ABQ BioPark unveils Children’s Fantasy Garden redesign for summer overhaul
Families have one last summer to visit the Children’s Fantasy Garden before it closes Sept. 8 for a $5.5 million overhaul with new climbing play, a troll forest and better access.

The current Children’s Fantasy Garden will close Sept. 8, giving Bernalillo County families one last summer to see the version that has delighted visitors since 2001 before ABQ BioPark begins a $5.5 million overhaul.
The redesign aims to keep the garden’s whimsical, nature-based feel while replacing aging features and improving accessibility. Hundreds of Albuquerque families, children and community members helped shape the concept, which centers on an immersive mythical world rather than a simple decorative display.
The new design adds a dreamland theme, a troll forest, a rainbow road, a geode-style pumpkin, climbing structures inside the castle and a dragon that may be repainted purple. The goal is to make the space feel more active for children and parents.
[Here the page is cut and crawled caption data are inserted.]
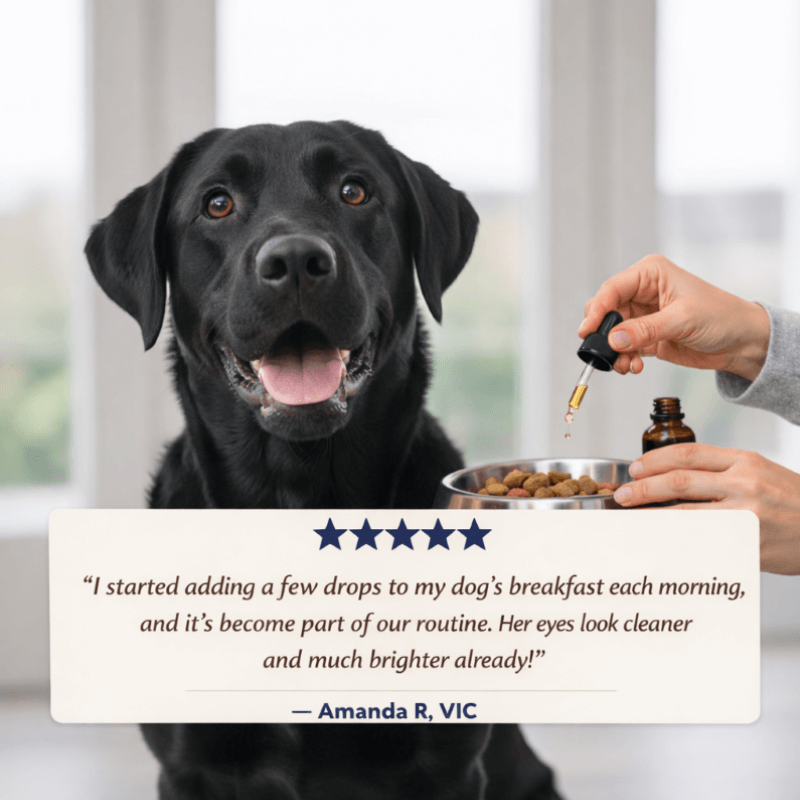 Puppyum™ Bright Eye Drops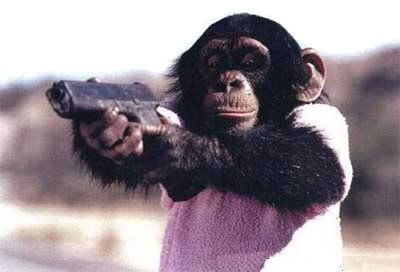 monkeygun-1.jpg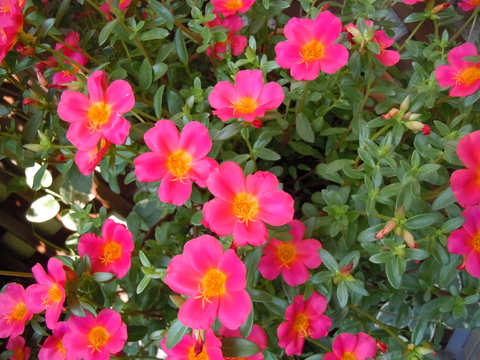 a0262487_15345510.jpg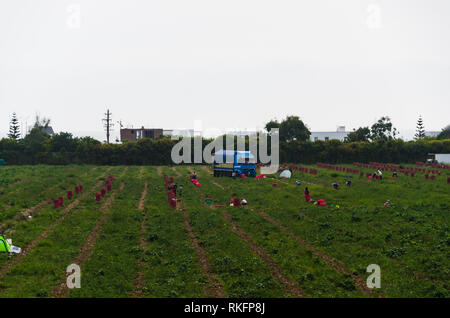 Mitarbeiter arbeiten auf dem Feld, die Ernte, die manuelle Arbeit, Landwirtschaft, Landwirtschaft, Agroindustrie in Ländern der Dritten Welt, Arbeitsmigranten. Stockfoto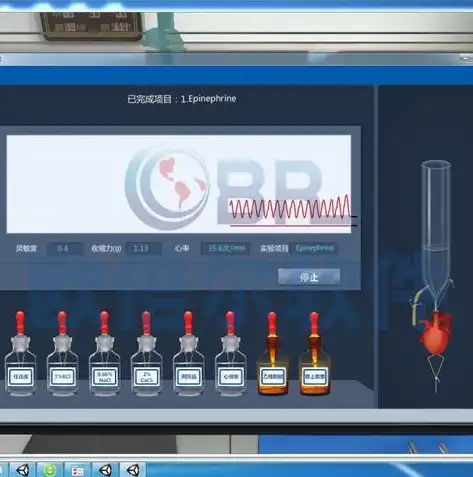 打造个性化小程序网站，轻松实现线上商业新纪元，小程序网站制作需要准备什么资料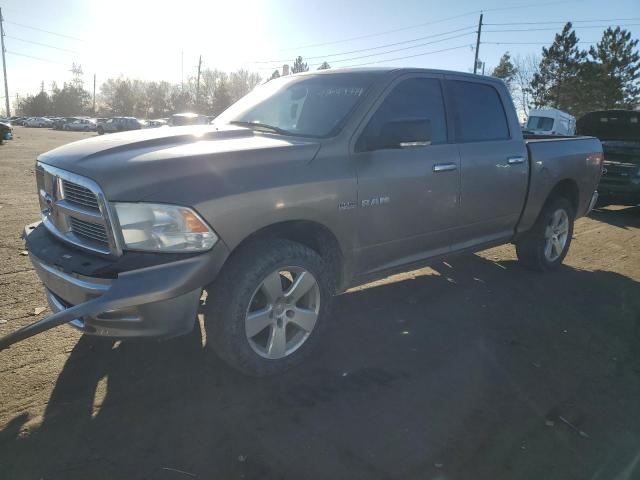 2010 DODGE RAM 1500  2010 image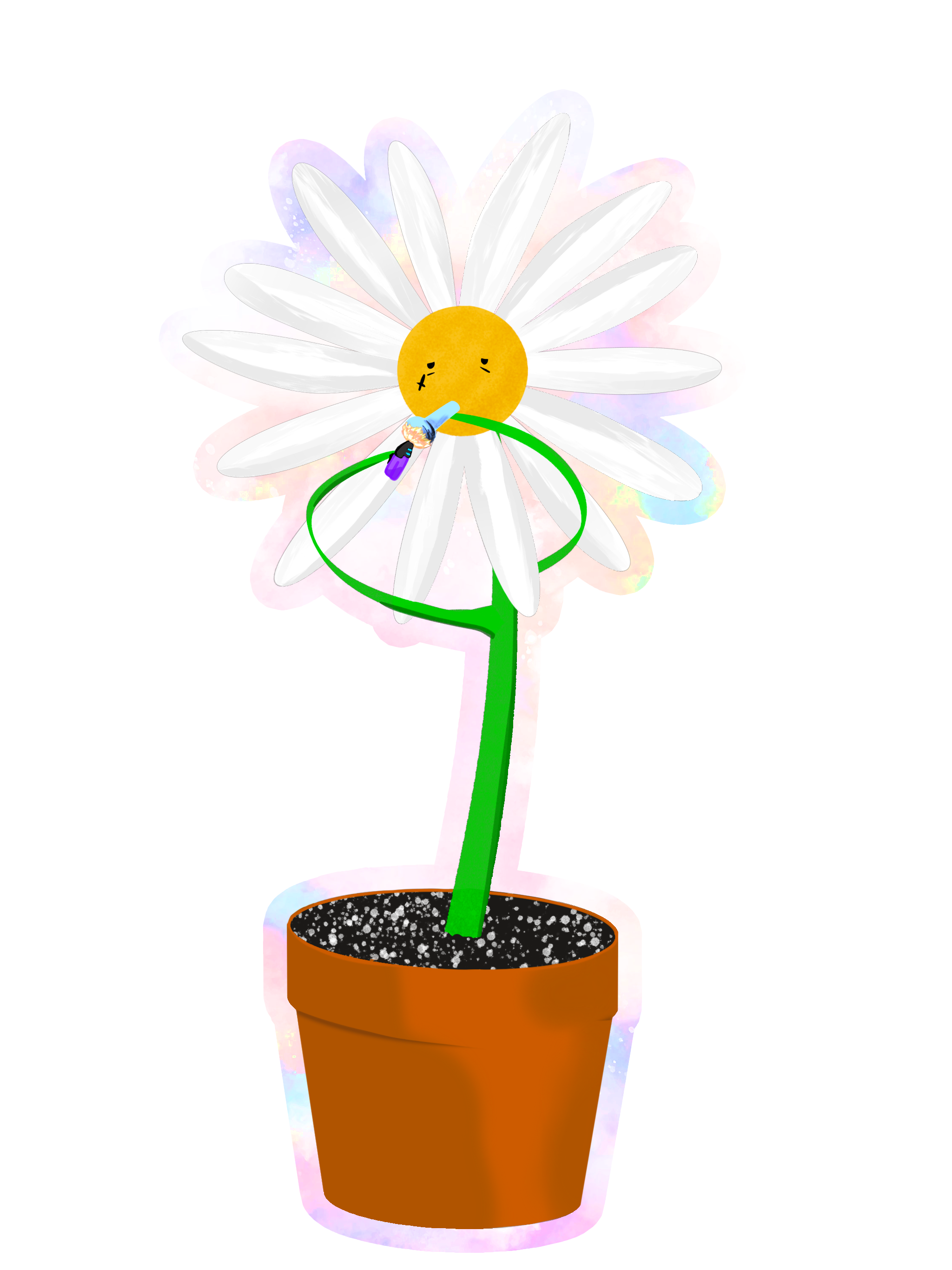 Daisy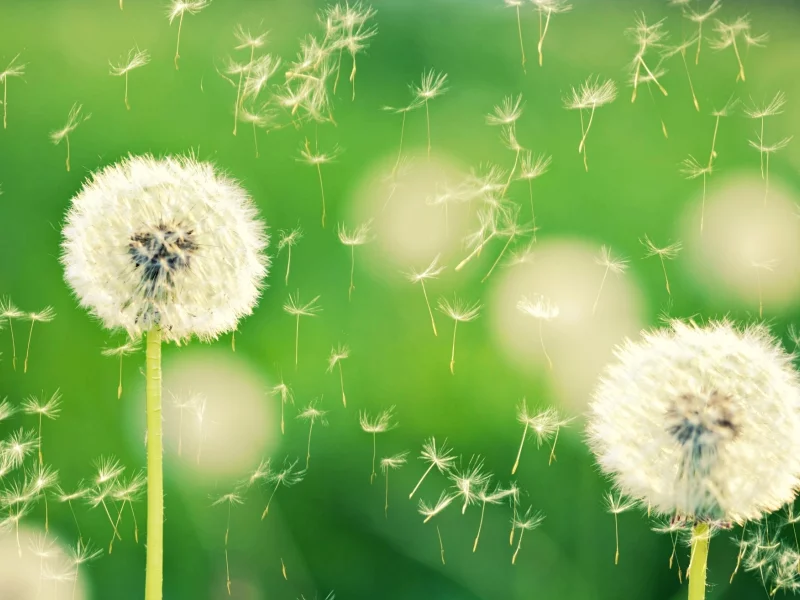 dandelion, боке, природа, одуванчики, одуванчик, макро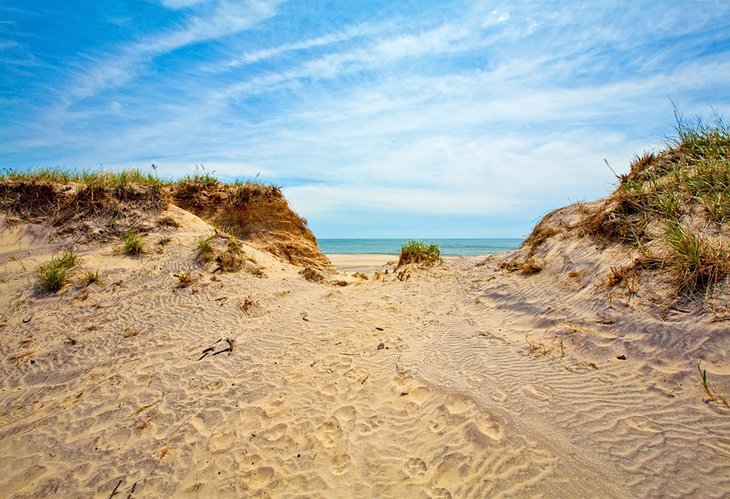 12 playas mejor valoradas en los Hamptons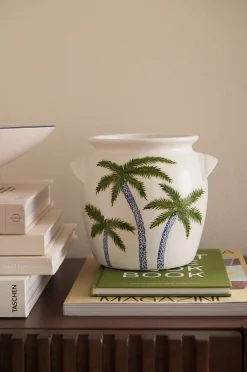 Vaasi Palm korkeus 20 cm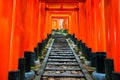 Senbon Torii at Fushimi Inari Shrine.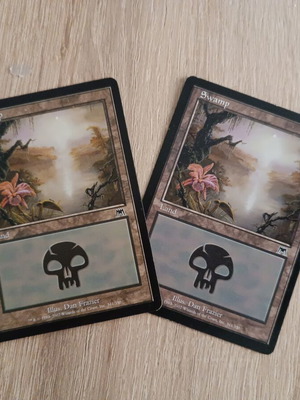 Swamp MTG card near mint, basic land ONS set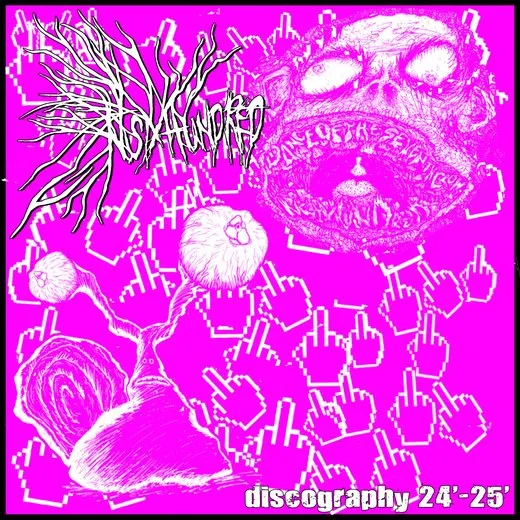 Discography '24-'25
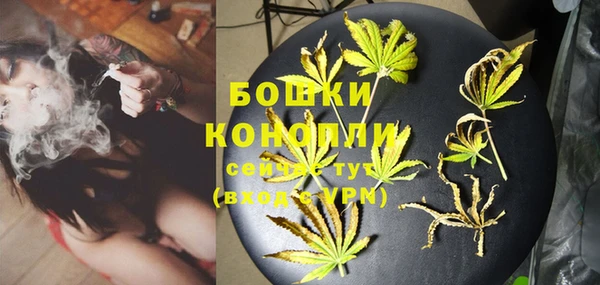 ешки Аркадак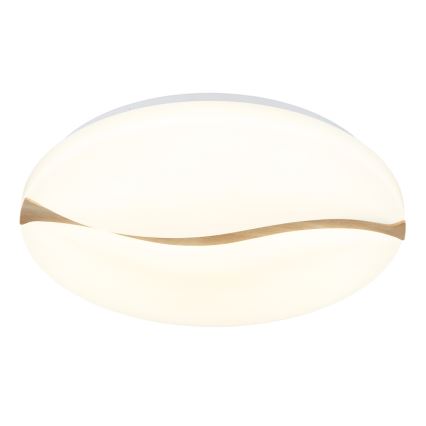 Globo - LED Ceiling light LED/24W/230V 3000/4200/6000K d. 33 cm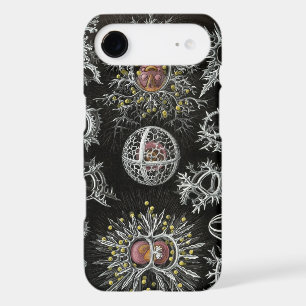 Haeckel Negative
The closure begins a major construction period for the ABQ BioPark Botanic Garden’s Children’s Fantasy Garden. The Botanic Garden opened in 1996 and covers 32 acres, and the Children’s Fantasy Garden has been part of that landscape for more than 20 years. The current garden has included a dragon with smoke effects and a water feature inspired by Barcelona’s Parque Güell.
The project is being paid for with Albuquerque’s voter-approved 1/8-cent gross receipts tax, which went into effect in July 2016. City budget documents listed the garden renovation at about $5 million in a 2024 annual report draft, but the final estimate has risen to $5.5 million as the design matured. The broader funding cycle runs through 2031 and is still supporting major improvements at the zoo, botanic garden and aquarium.

The city’s current target is to reopen the Children’s Fantasy Garden in summer 2028.